** Opening Given material block **

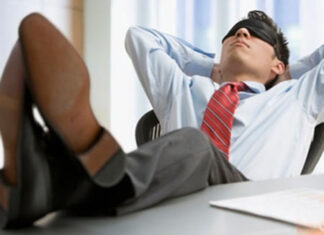 Bệnh của dân văn phòng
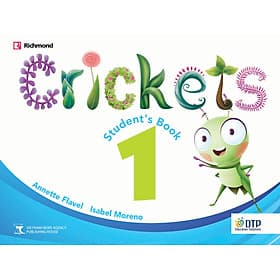 Crickets 1 Student's Book - ED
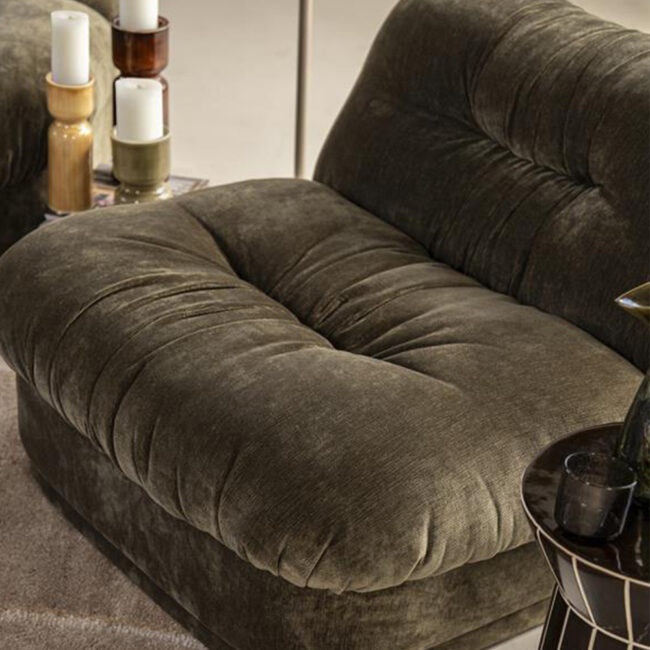 LOUNGE CHAIR NOOK GREEN 93X98X70,5CM - Image 3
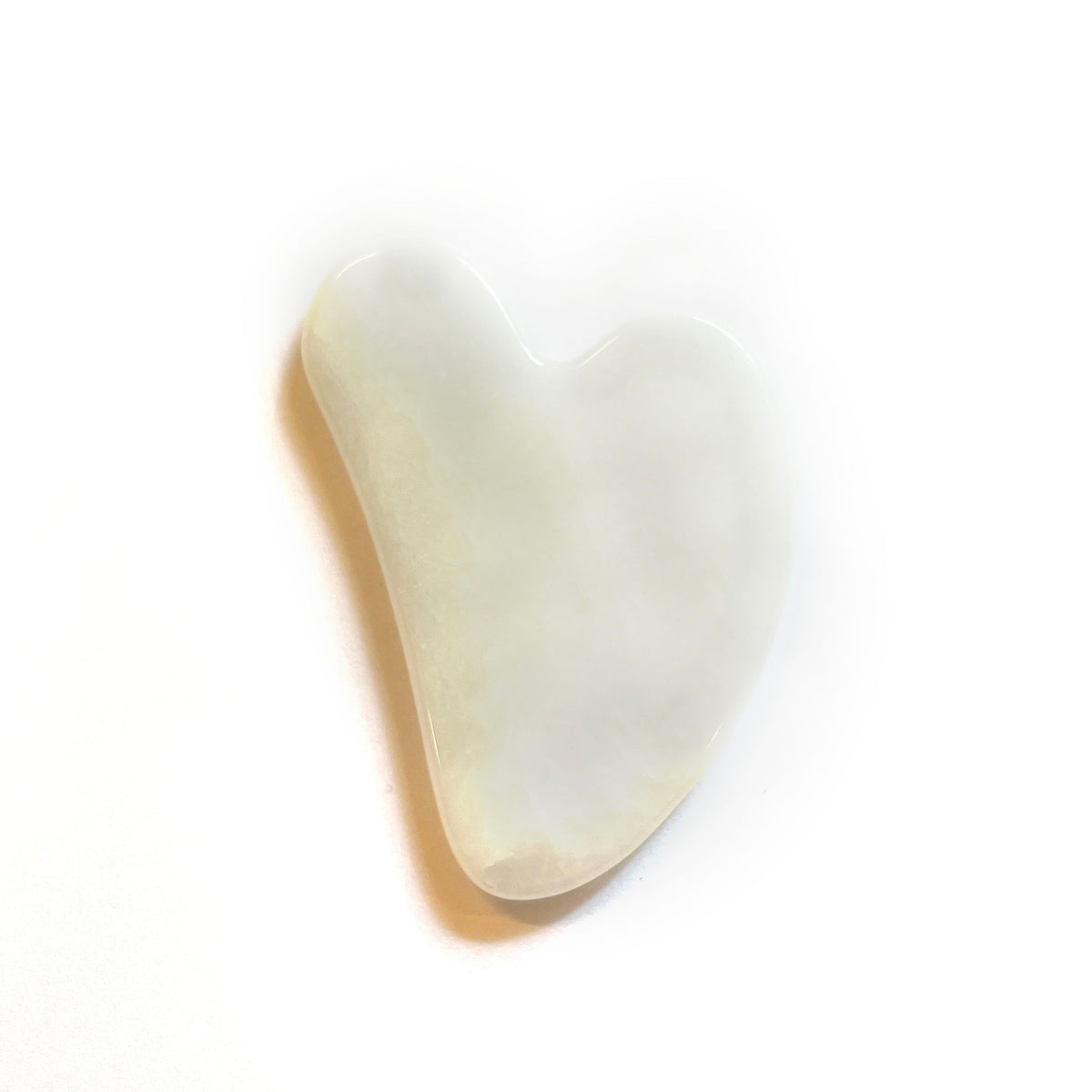 心形刮痧石 Heart-shaped Gua Sha Stone – 圖片 3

** Closing Given material block **

What you should do:
Leave the images out and transcribe the rest of the material exactly.

Result of the task:
 Bệnh của dân văn phòng
 Crickets 1 Student's Book - ED
 LOUNGE CHAIR NOOK GREEN 93X98X70,5CM - Image 3
 心形刮痧石 Heart-shaped Gua Sha Stone – 圖片 3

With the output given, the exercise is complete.